▶ Instructions for the task
Without any of the pictures, set down the data below exactly.

----------

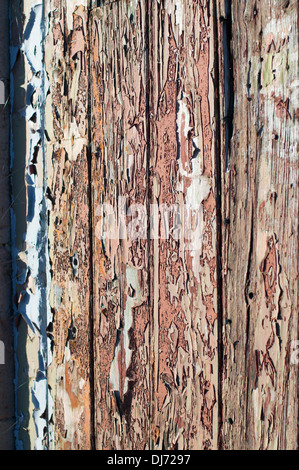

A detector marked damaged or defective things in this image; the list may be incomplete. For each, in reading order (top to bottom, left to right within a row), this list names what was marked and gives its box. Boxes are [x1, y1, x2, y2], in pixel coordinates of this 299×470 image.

damaged wood panel [44, 0, 92, 448]
damaged wood panel [89, 0, 149, 452]
damaged wood panel [149, 0, 219, 450]
damaged wood panel [220, 0, 299, 450]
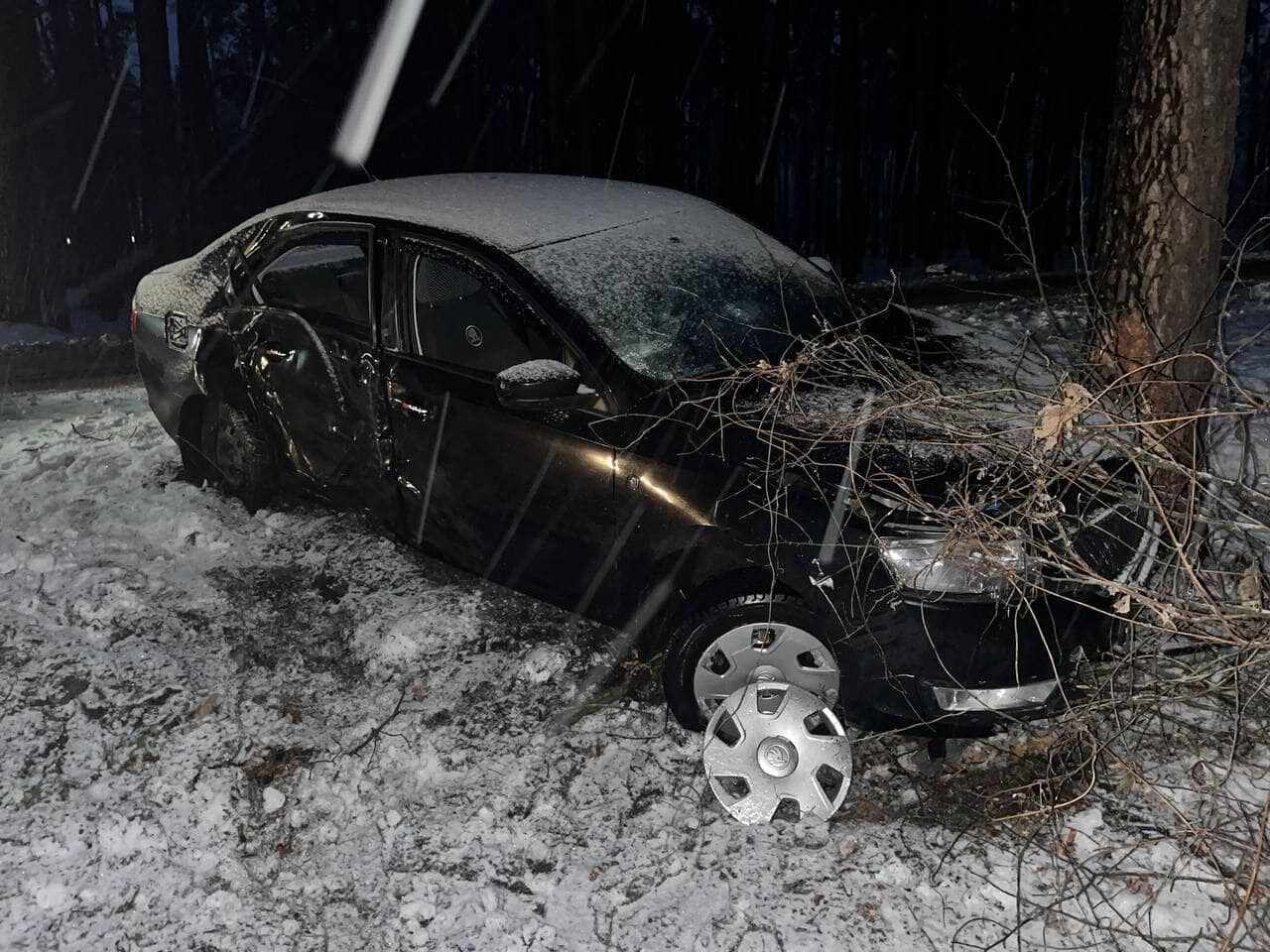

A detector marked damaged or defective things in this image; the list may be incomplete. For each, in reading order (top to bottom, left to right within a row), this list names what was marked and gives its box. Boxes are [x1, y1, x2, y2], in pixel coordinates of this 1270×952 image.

damaged driver door [239, 221, 393, 520]
crashed black sedan [131, 177, 1151, 746]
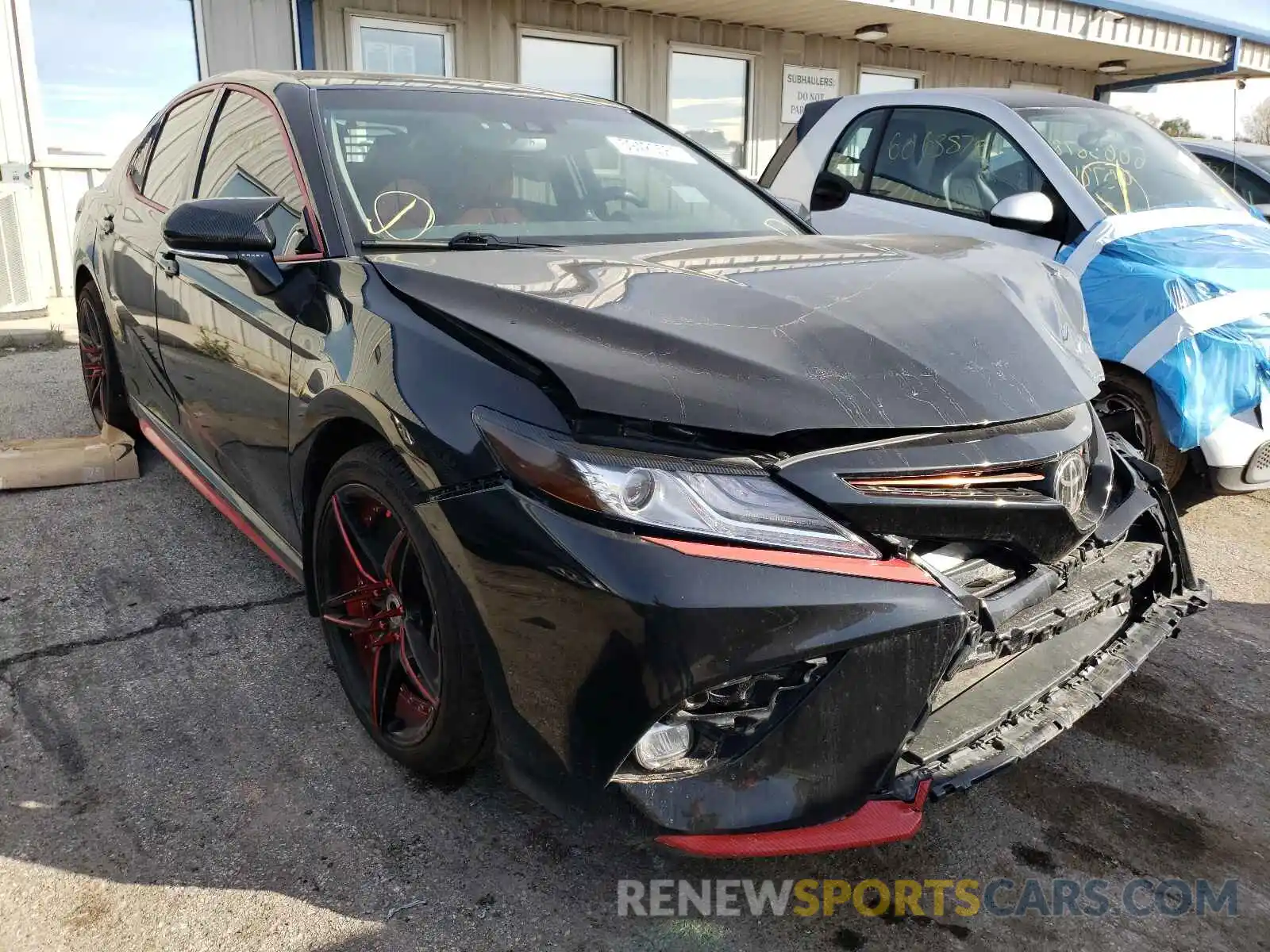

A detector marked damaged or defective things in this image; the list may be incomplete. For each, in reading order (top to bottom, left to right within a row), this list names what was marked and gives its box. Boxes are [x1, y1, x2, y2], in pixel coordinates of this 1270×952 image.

damaged black toyota camry [74, 72, 1203, 858]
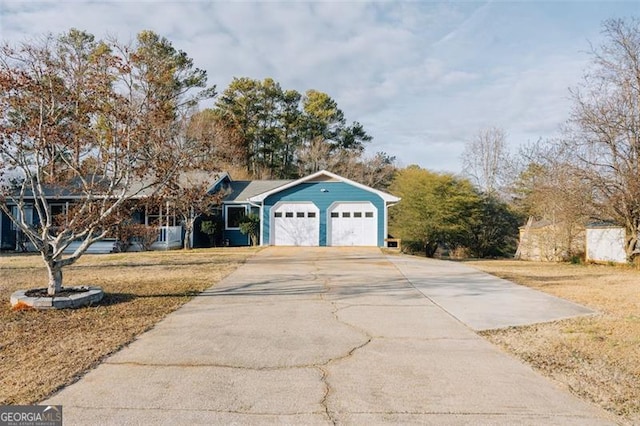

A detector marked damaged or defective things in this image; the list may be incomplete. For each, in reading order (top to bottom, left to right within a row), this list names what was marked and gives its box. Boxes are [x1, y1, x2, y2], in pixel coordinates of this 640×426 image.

----------

▶ Task result
A detector marked damaged or defective things in this image; the list may be incomplete. For each, in reading order (top to bottom, left to right within a row), this list names what was marked and gives its box. Boxes are [x1, y1, x2, y2], in pixel coordinates of this 299×470 image.

damaged wood panel [44, 0, 92, 448]
damaged wood panel [89, 0, 149, 452]
damaged wood panel [149, 0, 219, 450]
damaged wood panel [220, 0, 299, 450]

A detector marked damaged or defective things in this image; the list may be incomplete. For each, in reading order (top to bottom, left to right within a row), this list names what was marked and gives its box. Boxes are [x1, y1, x2, y2], in pixel coordinates of this 1270×952 image.

damaged driver door [239, 221, 393, 520]
crashed black sedan [131, 177, 1151, 746]

A detector marked damaged or defective things in this image; the list may be incomplete. For each, in reading order (top to bottom, left to right within a row), this list names what was marked and gives its box. Boxes are [x1, y1, x2, y2], in pixel coordinates of this 1270×952 image.

damaged black toyota camry [74, 72, 1203, 858]

A detector marked damaged or defective things in this image; the list may be incomplete. For each, in reading order (top to bottom, left to right within a row), this list names what was marked and gives its box. Boxes are [x1, y1, x2, y2], in pixel coordinates of this 640×426 image.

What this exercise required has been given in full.